I’m Rooting for Iran

As the United States continues to lose the war to Iran, expect American journalists to employ increasingly bizarre but instructive circumlocutions to misdescribe obvious but unpalatable realities. This piece in The Wall Street Journal is a classic in the genre. “Iran uses asymmetric warfare to inflict pain from a weakened position.” Translation: “Iran is using asymmetric warfare to win the war.”

This is how the article starts out:

Iran’s downing of two U.S. warplanes is the most striking evidence yet that, despite enormous military losses, Tehran can still significantly raise the cost of continuing the conflict for the U.S. and Israel.

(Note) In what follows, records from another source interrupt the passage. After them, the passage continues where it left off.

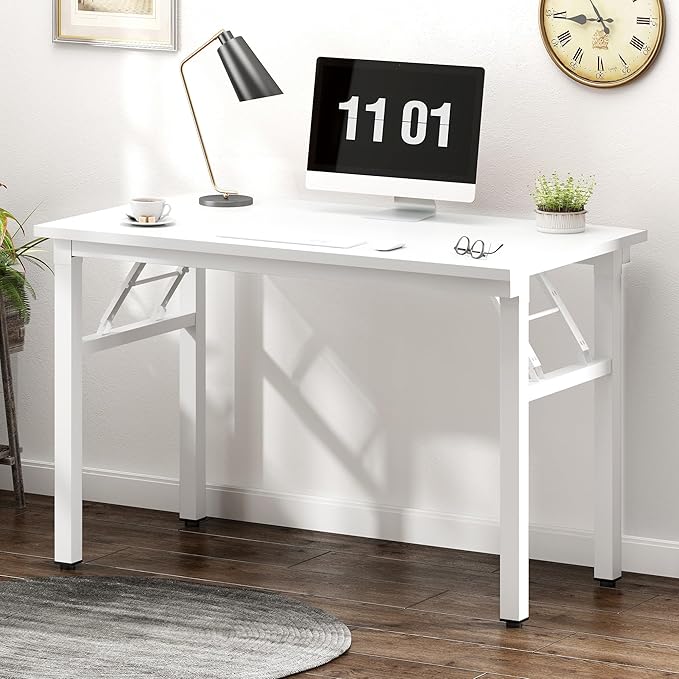 Need 39.4 inch Computer Desk for Small Space Small Folding Table Small Writing Desk Compact Desk Foldable Desk with BIFMA Certification, No Install Needed, White AC5-10060-DW - LeafyLoom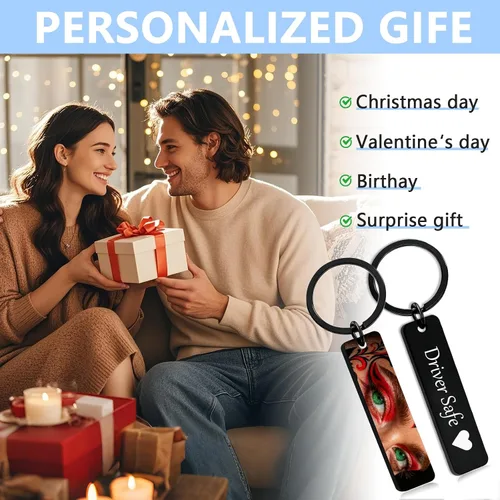 Vista 7 de Llavero grabado con texto y foto de ojo personalizado,Ojos personalizados personalizados llaveros de doble cara de acero inoxidable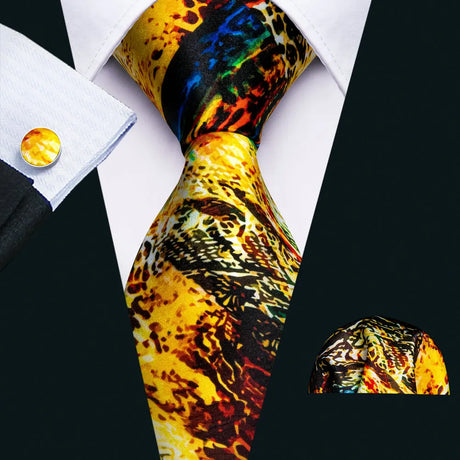 Yellow High Quality Pocket Square Cufflinks Silk Tie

The shootdowns were the most successful demonstration of Iran’s military strategy to inflict tactical defeats on the U.S. and its allies in hopes not of winning militarily, but of surviving and sapping their will to continue the fight.

What’s the difference between winning a war “militarily” and “sapping your enemy’s will to fight”? There is in fact no difference–unless you’re looking desperately to salvage a conception of “fighting” that’s irrelevant to winning, so that. you can insist that that activity is your forte. Maybe it is, but then your forte is losing.

Next passage:

The F-15E jet fighter and A-10 attack plane were the first U.S. or Israeli aircraft to be shot down in thousands of sorties flown in Iranian airspace. A massive search and rescue effort extricated one crew member but at least one additional crew member was unaccounted for.

This is a desperate attempt to pretend that since the lost planes were a small fraction of the total number employed, their loss is no big deal. But then why not say that the loss of the missing pilot is no big deal, and express indifference as to what happens to him? Yet everywhere one goes, one is expected to affect concern for our heroic pilot, and treat the dubious Hollywood-esque story of his rescue as a triumph.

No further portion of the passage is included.